To jump-start my writing again, I decided to use an exercise I recall from Barbara DeMarco-Barrett’s wonderful writing book, Pen on Fire. I got the book a few years ago to help me develop a habit of writing, and it went fabulously until I hit a major depressive episode and my life went off the rails. But that’s another story.
The exercise is to use a picture postcard as writing prompt/inspiration. (I’d cite chapter and verse, but I can’t lay my hands on the book at the moment.) Not having a stack of picture postcards handy, I decided my collection of tarot card decks might work just as well.
The last few days I’ve been using the Kitty Kahane tarot, a cartoonish sort of deck with a simple but unusual color scheme. Today I turned up the Wheel of Fortune card, and writing about it led me to some interesting insights.
The Wheel of Fortune card bears certain resemblances to the The World card.
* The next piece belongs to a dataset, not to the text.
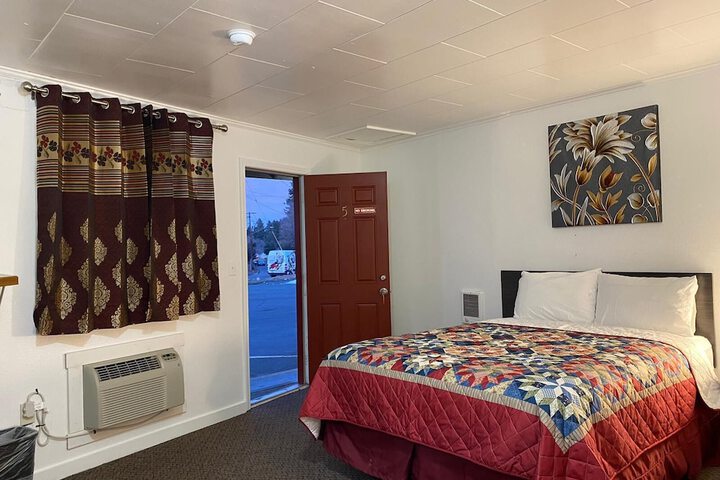 Room 15 of 32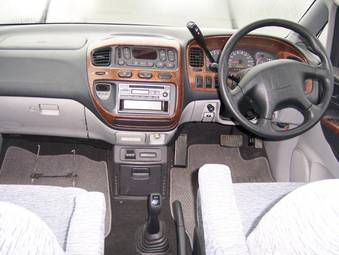 2003 Mitsubishi Delica Pictures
Both belong to the Major Arcana, a series of 22 cards that stand for major forces that act in our lives. The Wheel of Fortune is the eleventh card in this series, and The World is the twenty-second, so it’s not too much of a stretch to imagine they might be related.
In the corners of the card stand the four symbols of the evangelists. The eight spokes of the wheel might be seen to correspond to the four quarters and four cross-quarters of the year. The hand on the right side of the wheel could be either stopping the movement of the wheel or preparing to spin it. The sphinx on top of the wheel represents wisdom; the sword she holds represents choice and decision. The snake can be a symbol of temptation, though it is also a symbol of renewal and healing. (It almost seems to be tickling the demon’s rear end with its tongue, which makes me laugh.) In bearing the wheel, the demon at the bottom might be serving out some kind of punishment.
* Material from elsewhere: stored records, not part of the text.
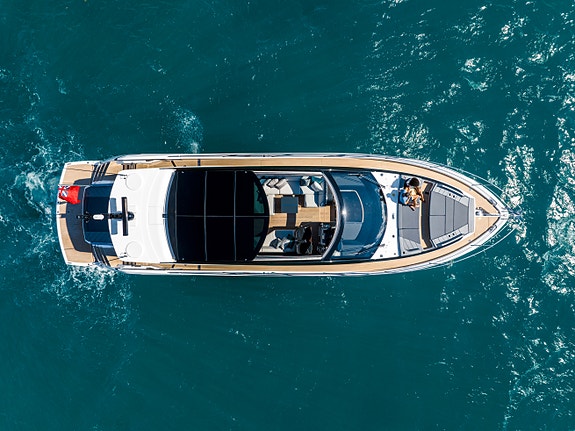 Sunseeker Predator 65 9 of 24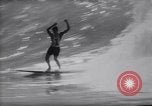 Standbild Joe Cabell Makaha Beach Hawaii USA, 1964, aus Sekunde 31 historischem Filmmaterial Videoclip 65675026689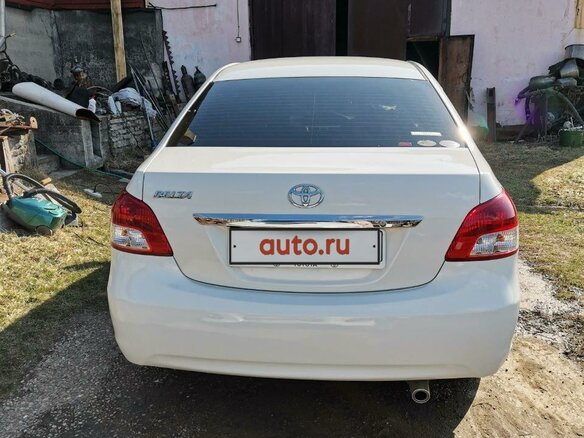 2010 Toyota Belta I, белый, 825000 рублей - вид 17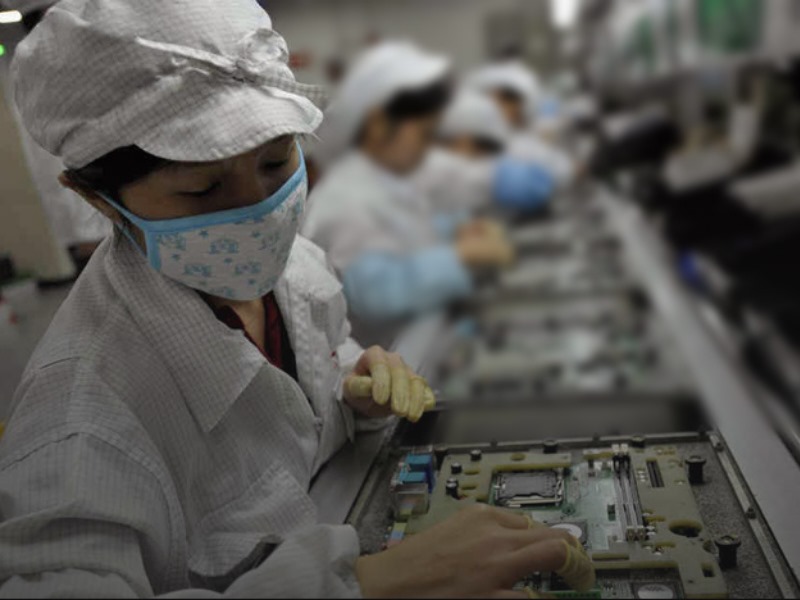 Ilustrasi pekerja pabrik PT Tiphone Mobile Indonesia alias TELE.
The visual movement in the image is from the right, through the hand up to the top of the wheel, where wisdom presides, slithering down the left side with the serpent, to the belaboring demon below. The bad news, no doubt, is that this is the normal progression of things: we start out knowing what we’re about, but succumb to temptation and soon find ourselves toiling beneath the weight of our choices and their consequences. The good news is that the wheel keeps turning. Whether the hand on the wheel is our own or that of the Divine, the wheel has the potential to bring us up again to the top, hopefully the wiser for our experience at the bottom.
The booklet that accompanies the deck has this to say about the card: Much that happens to you is beyond your control. Let your life surprise you!
I rather like thinking about it that way.
(Kitty Kahane Tarot by Kitty Kahane, text by Lilo Schwarz, translated by Charles Warcup, AGMueller Urania, 2006.)